EXERCISE OBJECTIVE:
Write out again the entries from the first line to the line that includes "File:Washington State Route 160.svg", keeping both of those lines.

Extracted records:
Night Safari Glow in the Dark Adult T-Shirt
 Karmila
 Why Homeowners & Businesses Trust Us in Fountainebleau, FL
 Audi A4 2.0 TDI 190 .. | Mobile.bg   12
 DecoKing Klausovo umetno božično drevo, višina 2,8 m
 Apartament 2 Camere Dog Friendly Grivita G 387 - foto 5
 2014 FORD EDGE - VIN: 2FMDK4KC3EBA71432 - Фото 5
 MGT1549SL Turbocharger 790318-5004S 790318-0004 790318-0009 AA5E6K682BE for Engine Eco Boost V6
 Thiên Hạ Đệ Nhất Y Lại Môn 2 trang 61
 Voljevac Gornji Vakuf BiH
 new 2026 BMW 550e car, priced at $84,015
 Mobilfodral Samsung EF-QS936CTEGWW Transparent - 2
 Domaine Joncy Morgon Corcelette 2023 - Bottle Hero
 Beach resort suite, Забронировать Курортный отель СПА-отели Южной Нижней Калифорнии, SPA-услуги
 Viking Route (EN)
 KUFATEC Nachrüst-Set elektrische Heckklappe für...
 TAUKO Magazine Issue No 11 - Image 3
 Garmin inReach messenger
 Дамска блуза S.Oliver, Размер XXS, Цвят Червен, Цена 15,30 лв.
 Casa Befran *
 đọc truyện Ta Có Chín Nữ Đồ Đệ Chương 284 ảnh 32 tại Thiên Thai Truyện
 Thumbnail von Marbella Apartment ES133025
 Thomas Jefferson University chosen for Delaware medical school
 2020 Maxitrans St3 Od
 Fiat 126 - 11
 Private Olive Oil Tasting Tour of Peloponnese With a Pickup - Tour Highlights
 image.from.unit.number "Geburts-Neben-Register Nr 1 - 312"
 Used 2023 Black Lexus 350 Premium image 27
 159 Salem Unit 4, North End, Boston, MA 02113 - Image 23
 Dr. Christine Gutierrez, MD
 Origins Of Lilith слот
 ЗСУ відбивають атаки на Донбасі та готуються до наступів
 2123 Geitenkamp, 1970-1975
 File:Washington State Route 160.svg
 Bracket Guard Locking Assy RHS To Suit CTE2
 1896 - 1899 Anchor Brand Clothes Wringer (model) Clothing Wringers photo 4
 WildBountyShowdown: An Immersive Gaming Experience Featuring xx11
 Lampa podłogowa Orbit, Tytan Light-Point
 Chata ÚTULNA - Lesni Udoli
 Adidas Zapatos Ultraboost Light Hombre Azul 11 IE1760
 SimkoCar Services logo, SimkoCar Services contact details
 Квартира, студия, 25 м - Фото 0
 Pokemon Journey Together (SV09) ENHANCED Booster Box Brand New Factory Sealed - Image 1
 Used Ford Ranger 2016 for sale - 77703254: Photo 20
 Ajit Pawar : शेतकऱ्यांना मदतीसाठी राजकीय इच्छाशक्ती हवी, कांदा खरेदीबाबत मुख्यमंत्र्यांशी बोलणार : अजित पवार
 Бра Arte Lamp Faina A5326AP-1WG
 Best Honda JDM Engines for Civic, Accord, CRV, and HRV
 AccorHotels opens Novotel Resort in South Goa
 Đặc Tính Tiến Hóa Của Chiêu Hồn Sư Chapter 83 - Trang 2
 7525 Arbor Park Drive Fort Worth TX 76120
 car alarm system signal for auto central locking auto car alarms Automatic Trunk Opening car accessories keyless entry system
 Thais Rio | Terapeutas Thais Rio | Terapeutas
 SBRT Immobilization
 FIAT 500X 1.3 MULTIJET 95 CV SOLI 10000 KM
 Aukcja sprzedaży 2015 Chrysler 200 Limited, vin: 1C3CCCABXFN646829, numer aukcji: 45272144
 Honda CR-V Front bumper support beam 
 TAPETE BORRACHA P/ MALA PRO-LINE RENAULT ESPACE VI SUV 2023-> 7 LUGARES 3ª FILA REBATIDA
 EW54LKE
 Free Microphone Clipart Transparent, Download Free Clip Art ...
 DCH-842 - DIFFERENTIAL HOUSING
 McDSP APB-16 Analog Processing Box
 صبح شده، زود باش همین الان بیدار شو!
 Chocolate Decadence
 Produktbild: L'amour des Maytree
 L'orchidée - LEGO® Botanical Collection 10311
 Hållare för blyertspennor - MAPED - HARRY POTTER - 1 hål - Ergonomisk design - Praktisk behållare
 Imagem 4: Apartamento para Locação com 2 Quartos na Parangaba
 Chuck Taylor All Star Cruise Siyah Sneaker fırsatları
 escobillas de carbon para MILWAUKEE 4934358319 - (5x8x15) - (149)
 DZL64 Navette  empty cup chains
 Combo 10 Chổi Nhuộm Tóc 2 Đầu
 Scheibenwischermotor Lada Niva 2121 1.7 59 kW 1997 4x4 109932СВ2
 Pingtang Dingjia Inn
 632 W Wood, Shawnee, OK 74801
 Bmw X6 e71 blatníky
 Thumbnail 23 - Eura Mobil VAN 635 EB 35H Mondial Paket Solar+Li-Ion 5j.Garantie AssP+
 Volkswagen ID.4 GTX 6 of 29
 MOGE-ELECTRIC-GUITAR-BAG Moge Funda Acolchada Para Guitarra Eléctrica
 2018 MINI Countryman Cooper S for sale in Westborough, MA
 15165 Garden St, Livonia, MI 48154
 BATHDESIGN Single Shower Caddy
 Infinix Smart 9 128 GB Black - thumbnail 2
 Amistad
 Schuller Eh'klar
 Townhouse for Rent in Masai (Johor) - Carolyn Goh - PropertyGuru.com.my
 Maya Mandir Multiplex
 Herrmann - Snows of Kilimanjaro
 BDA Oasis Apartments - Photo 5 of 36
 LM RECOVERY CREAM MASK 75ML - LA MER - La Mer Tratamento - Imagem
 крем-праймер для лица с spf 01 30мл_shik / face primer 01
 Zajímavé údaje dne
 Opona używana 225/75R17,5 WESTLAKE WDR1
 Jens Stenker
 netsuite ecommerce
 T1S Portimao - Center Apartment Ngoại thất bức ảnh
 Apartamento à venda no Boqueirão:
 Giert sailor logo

SOLUTION TO THE PROBLEM:
Night Safari Glow in the Dark Adult T-Shirt
 Karmila
 Why Homeowners & Businesses Trust Us in Fountainebleau, FL
 Audi A4 2.0 TDI 190 .. | Mobile.bg   12
 DecoKing Klausovo umetno božično drevo, višina 2,8 m
 Apartament 2 Camere Dog Friendly Grivita G 387 - foto 5
 2014 FORD EDGE - VIN: 2FMDK4KC3EBA71432 - Фото 5
 MGT1549SL Turbocharger 790318-5004S 790318-0004 790318-0009 AA5E6K682BE for Engine Eco Boost V6
 Thiên Hạ Đệ Nhất Y Lại Môn 2 trang 61
 Voljevac Gornji Vakuf BiH
 new 2026 BMW 550e car, priced at $84,015
 Mobilfodral Samsung EF-QS936CTEGWW Transparent - 2
 Domaine Joncy Morgon Corcelette 2023 - Bottle Hero
 Beach resort suite, Забронировать Курортный отель СПА-отели Южной Нижней Калифорнии, SPA-услуги
 Viking Route (EN)
 KUFATEC Nachrüst-Set elektrische Heckklappe für...
 TAUKO Magazine Issue No 11 - Image 3
 Garmin inReach messenger
 Дамска блуза S.Oliver, Размер XXS, Цвят Червен, Цена 15,30 лв.
 Casa Befran *
 đọc truyện Ta Có Chín Nữ Đồ Đệ Chương 284 ảnh 32 tại Thiên Thai Truyện
 Thumbnail von Marbella Apartment ES133025
 Thomas Jefferson University chosen for Delaware medical school
 2020 Maxitrans St3 Od
 Fiat 126 - 11
 Private Olive Oil Tasting Tour of Peloponnese With a Pickup - Tour Highlights
 image.from.unit.number "Geburts-Neben-Register Nr 1 - 312"
 Used 2023 Black Lexus 350 Premium image 27
 159 Salem Unit 4, North End, Boston, MA 02113 - Image 23
 Dr. Christine Gutierrez, MD
 Origins Of Lilith слот
 ЗСУ відбивають атаки на Донбасі та готуються до наступів
 2123 Geitenkamp, 1970-1975
 File:Washington State Route 160.svg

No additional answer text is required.